UGG sales boost Decker’s Q1 profits
According to newly released, first-quarter financial results at Deckers Outdoor Corporation, increased UGG sales led to a 9% increase in gross profit.
UGG brand sales for first quarter rose 66.9% to $91.4 million compared with $54.8 million for the same period last year. However, Teva brand sales fell 5.7% to $35.6 million compared with $37.7 million during the same quarter last year and Simple brand sales fell 13% to $4.4 million compared with $5.1 million.
The company’s gross profit margin for the first quarter was 43.9% compared with 47.3% for the first quarter last year.

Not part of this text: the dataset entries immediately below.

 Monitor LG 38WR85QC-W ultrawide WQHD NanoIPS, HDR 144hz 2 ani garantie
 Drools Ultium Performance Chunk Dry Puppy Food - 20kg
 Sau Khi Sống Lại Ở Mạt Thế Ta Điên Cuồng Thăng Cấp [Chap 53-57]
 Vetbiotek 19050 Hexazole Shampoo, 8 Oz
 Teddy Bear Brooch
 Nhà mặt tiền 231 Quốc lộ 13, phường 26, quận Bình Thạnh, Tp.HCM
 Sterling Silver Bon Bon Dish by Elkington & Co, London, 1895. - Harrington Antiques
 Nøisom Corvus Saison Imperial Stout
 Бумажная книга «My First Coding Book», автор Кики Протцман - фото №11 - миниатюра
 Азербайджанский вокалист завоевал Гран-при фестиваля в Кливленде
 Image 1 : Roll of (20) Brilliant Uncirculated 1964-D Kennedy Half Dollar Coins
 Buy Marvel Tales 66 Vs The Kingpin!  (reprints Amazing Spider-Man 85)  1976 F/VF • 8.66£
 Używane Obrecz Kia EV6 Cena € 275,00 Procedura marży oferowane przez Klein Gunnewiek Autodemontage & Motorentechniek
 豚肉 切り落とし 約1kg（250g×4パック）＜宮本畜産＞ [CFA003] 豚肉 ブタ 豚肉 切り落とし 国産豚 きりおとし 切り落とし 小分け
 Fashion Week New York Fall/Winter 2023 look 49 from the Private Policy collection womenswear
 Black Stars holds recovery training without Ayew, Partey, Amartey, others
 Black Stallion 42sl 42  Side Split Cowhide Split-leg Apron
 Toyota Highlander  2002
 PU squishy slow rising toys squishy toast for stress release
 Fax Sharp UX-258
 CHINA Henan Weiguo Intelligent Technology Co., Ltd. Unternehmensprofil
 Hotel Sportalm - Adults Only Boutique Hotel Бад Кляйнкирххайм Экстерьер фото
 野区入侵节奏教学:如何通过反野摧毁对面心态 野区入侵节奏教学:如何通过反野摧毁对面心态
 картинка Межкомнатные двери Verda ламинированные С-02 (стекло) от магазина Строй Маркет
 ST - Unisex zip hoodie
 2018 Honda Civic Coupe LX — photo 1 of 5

Angel Martinez, president, chief executive officer and chairman of the board of directors, said: “Our first quarter sales and earnings exceeded plan, driven by higher-than-expected domestic and international demand for UGG products as the brand’s spring collection of boots, sandals, and casual footwear sold through very well at retail.He continued: “Our UGG brand’s momentum continues to grow and we are now more optimistic about the brand’s prospects evidenced by our improved outlook for the full year.”
Based upon the UGG brand’s better-than-expected first-quarter results, partially offset by lower projected sales forecasts for Teva, Simple, and TSUBO, the company has adjusted its full-year revenue outlook. It now expects full-year revenue to increase approximately 7- 9% over 2008, compared with previous guidance of approximately 6-9%. It expects second quarter revenue to increase by approximately 10% over 2008 levels.